Die Hochzeit hatte sogar ein "gerichtsmassiges" Nachspiel, weil man vergessen hatte, den Gemeindediener einzuladen. Zwei Jahre später wurde in Bayern die Zivilehe eingeführt und der Bürgermeister traute die jungen Paare Jahrzehnte lang bei sich zu Hause in der "Kuchl" oder im Wohnzimmer. Erst mit der "Umfunktionierung" der Schule zum Rathaus im Jahre 1957 wurden die Trauungen im Amtszimmer vollzogen, später dann in der VG im Wackersdorfer Rathaus, dann wieder wahlweise in Steinberg oder Wackersdorf. Er selber, erzählte Scharf, habe in seinen 30 Dienstjahren knapp 100 Ehepaare als kommunaler Standesbeamter vermählen dürfen.
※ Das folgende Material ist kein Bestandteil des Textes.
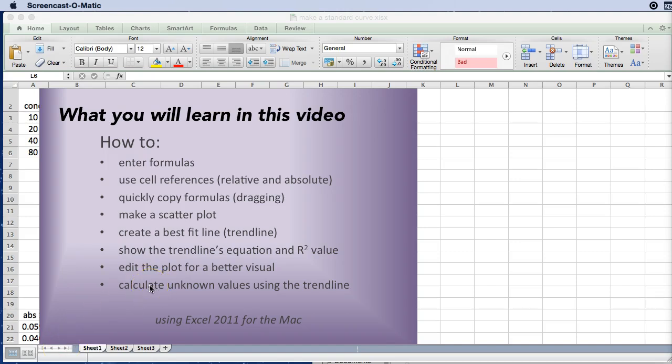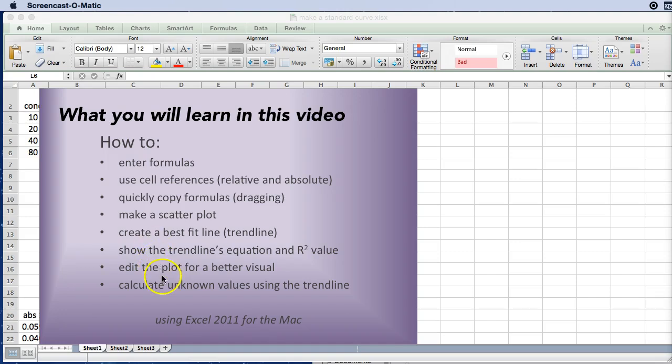More specifically you're going to learn how to enter formulas, use cell references both relative and absolute, quickly copy formulas, make a scatter plot, create a best fit line which is called a trend line in Excel, show the trend lines equation and r squared value, edit the plot for better visual, and finally calculate the unknown values using the trend line.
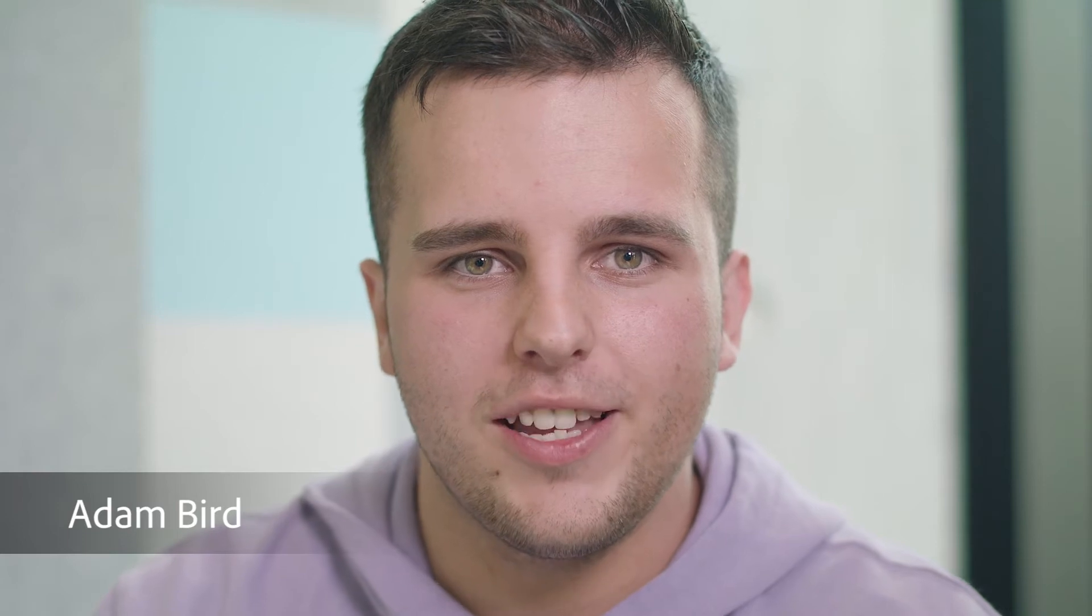Hello, my name is Adam Bird. I'm a professional photographer and today I'm going to be showing you how to edit your own surreal looking photograph in Adobe Photoshop.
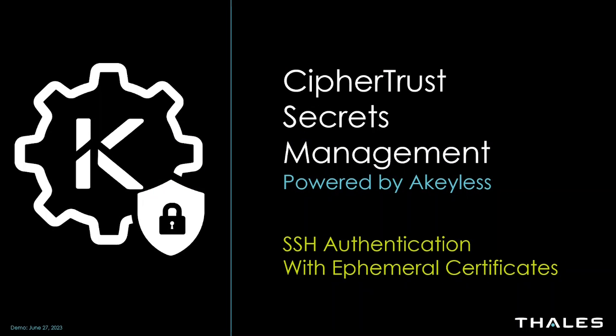Hello and welcome to this demo of CypherTrust Secrets Management powered by Akeyless. In today's demo we're going to take a look at replacing static SSH public key authentication to remote servers with ephemeral certificates that expire after a short period of time.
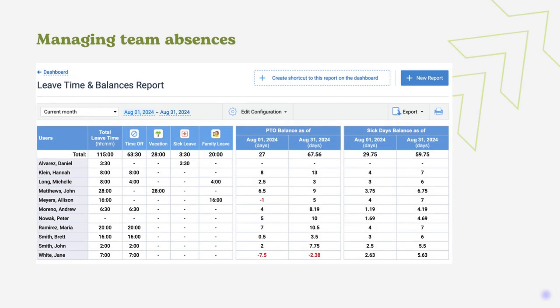The sixth is managing team absences. Running time reports by leave time data allows reviewing how leave time is spent by employees. What's more, leave time reports reveal seasonal dynamics and help make absences more predictable.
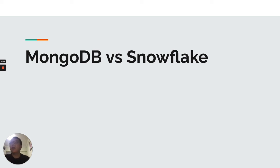Good evening, everyone. Today I'm going to talk about MongoDB versus Snowflake.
Im vergangenen Jahrhundert, so der HAK-Vorsitzende, habe sich auch beim Heiraten "unwahrscheinlich viel geändert". Dies zeigte er anhand von Ferntrauungen im Krieg oder an den "schwierigen" Mischehen zwischen katholischen und evangelischen Christen auf. Dies habe sich "Gott sei Dank" ebenso geändert wie die Einstellung zu unehelich geborenen Kindern, die wie ihre Mütter früher gesellschaftlich geächtet wurden. Das Zusammenleben ohne Trauschein - früher undenkbar und zum Teil auch strafrechtlich verfolgt - ist zum Normalfall geworden. Der Gesetzgeber habe in den vergangenen Hundert Jahre zum Ehe- und Familienrecht , aber auch zum Scheidungsrecht, gravierende Veränderungen vollzogen. Auch die Hochzeitsbräuche hätten sich geändert, wenngleich manche traditionell auch heute noch weitergeführt werden.

Lokaler Schwerpunkt


Neben diesen eher allgemeinen Nachforschungen habe der Heimatkundliche Arbeitskreis aber bewusst den Schwerpunkt auf die lokale Szene in Steinberg und der früheren Gemeinde Oder gelegt. Die Hochzeitsfotos würden auch diesen allgemeinen Wandel belegen. Man habe auch die eine oder andere Steinberger Familie herausgegriffen und detailliert von den Urgroßeltern bis zu den Enkeln die Entwicklung aufgezeigt und auch nachvollzogen, wie sich eine Steinberger "Urfamilie" mit elf Kindern "in ganz Deutschland ausgebreitet hat".

"Ob die Urenkel noch ihre Abstammung aus dem oberpfälzischen Steinberg kennen, darf bezweifelt werden", meinte Jakob Scharf, der abschließend dazu aufrief, alte Fotos - egal welcher Art - dem Arbeitskreis zur Verfügung zu stellen: "Denn jedes zu Hause aufbewahrte Foto wird irgendwann der Nachwelt für immer verloren gehen".

Die Ausstellung ist noch den ganzen Oktober jeden Mittwoch (18 bis -20 Uhr) und jeden Sonntag (14 bis17 Uhr) im Braunkohlemuseum Steinberg geöffnet.